INSTRUCTIONS FOR THE TASK: Copy out all the entries shown below, exactly as they appear.
-------- AVAILABLE DATA
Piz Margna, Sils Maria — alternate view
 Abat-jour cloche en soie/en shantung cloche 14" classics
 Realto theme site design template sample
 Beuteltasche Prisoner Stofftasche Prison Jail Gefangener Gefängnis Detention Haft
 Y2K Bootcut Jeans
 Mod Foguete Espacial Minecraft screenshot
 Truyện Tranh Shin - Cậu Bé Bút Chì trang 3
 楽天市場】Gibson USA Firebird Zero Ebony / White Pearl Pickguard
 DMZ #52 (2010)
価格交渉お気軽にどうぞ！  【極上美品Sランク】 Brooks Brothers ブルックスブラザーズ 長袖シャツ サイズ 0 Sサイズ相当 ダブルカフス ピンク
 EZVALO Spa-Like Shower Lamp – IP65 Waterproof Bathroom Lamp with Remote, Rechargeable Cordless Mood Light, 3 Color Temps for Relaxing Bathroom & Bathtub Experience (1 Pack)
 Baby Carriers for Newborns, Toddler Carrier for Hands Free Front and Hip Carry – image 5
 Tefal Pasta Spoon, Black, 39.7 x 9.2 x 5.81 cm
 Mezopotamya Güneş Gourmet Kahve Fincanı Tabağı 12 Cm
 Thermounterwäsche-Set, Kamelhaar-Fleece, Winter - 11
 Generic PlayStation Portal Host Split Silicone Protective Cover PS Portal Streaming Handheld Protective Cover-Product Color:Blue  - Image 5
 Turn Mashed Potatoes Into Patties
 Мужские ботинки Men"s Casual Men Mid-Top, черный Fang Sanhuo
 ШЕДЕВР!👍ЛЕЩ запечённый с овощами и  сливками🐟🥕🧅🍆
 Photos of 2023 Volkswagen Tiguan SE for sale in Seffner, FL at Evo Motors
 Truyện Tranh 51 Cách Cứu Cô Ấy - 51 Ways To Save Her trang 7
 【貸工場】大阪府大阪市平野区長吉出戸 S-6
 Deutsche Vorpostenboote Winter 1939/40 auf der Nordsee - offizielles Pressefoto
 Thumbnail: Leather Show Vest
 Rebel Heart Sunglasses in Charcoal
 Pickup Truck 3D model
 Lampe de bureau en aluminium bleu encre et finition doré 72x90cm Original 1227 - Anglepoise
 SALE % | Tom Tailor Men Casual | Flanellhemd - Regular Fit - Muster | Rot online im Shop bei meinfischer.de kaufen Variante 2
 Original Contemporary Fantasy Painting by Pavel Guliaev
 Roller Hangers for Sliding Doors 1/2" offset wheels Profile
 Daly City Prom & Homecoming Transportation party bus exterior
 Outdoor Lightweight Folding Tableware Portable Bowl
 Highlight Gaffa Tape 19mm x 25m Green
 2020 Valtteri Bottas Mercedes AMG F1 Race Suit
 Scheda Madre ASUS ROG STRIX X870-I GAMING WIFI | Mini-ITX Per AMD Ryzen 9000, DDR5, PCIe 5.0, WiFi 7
----------------
TASK RESULT:
Piz Margna, Sils Maria — alternate view
 Abat-jour cloche en soie/en shantung cloche 14" classics
 Realto theme site design template sample
 Beuteltasche Prisoner Stofftasche Prison Jail Gefangener Gefängnis Detention Haft
 Y2K Bootcut Jeans
 Mod Foguete Espacial Minecraft screenshot
 Truyện Tranh Shin - Cậu Bé Bút Chì trang 3
 楽天市場】Gibson USA Firebird Zero Ebony / White Pearl Pickguard
 DMZ #52 (2010)
価格交渉お気軽にどうぞ！  【極上美品Sランク】 Brooks Brothers ブルックスブラザーズ 長袖シャツ サイズ 0 Sサイズ相当 ダブルカフス ピンク
 EZVALO Spa-Like Shower Lamp – IP65 Waterproof Bathroom Lamp with Remote, Rechargeable Cordless Mood Light, 3 Color Temps for Relaxing Bathroom & Bathtub Experience (1 Pack)
 Baby Carriers for Newborns, Toddler Carrier for Hands Free Front and Hip Carry – image 5
 Tefal Pasta Spoon, Black, 39.7 x 9.2 x 5.81 cm
 Mezopotamya Güneş Gourmet Kahve Fincanı Tabağı 12 Cm
 Thermounterwäsche-Set, Kamelhaar-Fleece, Winter - 11
 Generic PlayStation Portal Host Split Silicone Protective Cover PS Portal Streaming Handheld Protective Cover-Product Color:Blue  - Image 5
 Turn Mashed Potatoes Into Patties
 Мужские ботинки Men"s Casual Men Mid-Top, черный Fang Sanhuo
 ШЕДЕВР!👍ЛЕЩ запечённый с овощами и  сливками🐟🥕🧅🍆
 Photos of 2023 Volkswagen Tiguan SE for sale in Seffner, FL at Evo Motors
 Truyện Tranh 51 Cách Cứu Cô Ấy - 51 Ways To Save Her trang 7
 【貸工場】大阪府大阪市平野区長吉出戸 S-6
 Deutsche Vorpostenboote Winter 1939/40 auf der Nordsee - offizielles Pressefoto
 Thumbnail: Leather Show Vest
 Rebel Heart Sunglasses in Charcoal
 Pickup Truck 3D model
 Lampe de bureau en aluminium bleu encre et finition doré 72x90cm Original 1227 - Anglepoise
 SALE % | Tom Tailor Men Casual | Flanellhemd - Regular Fit - Muster | Rot online im Shop bei meinfischer.de kaufen Variante 2
 Original Contemporary Fantasy Painting by Pavel Guliaev
 Roller Hangers for Sliding Doors 1/2" offset wheels Profile
 Daly City Prom & Homecoming Transportation party bus exterior
 Outdoor Lightweight Folding Tableware Portable Bowl
 Highlight Gaffa Tape 19mm x 25m Green
 2020 Valtteri Bottas Mercedes AMG F1 Race Suit
 Scheda Madre ASUS ROG STRIX X870-I GAMING WIFI | Mini-ITX Per AMD Ryzen 9000, DDR5, PCIe 5.0, WiFi 7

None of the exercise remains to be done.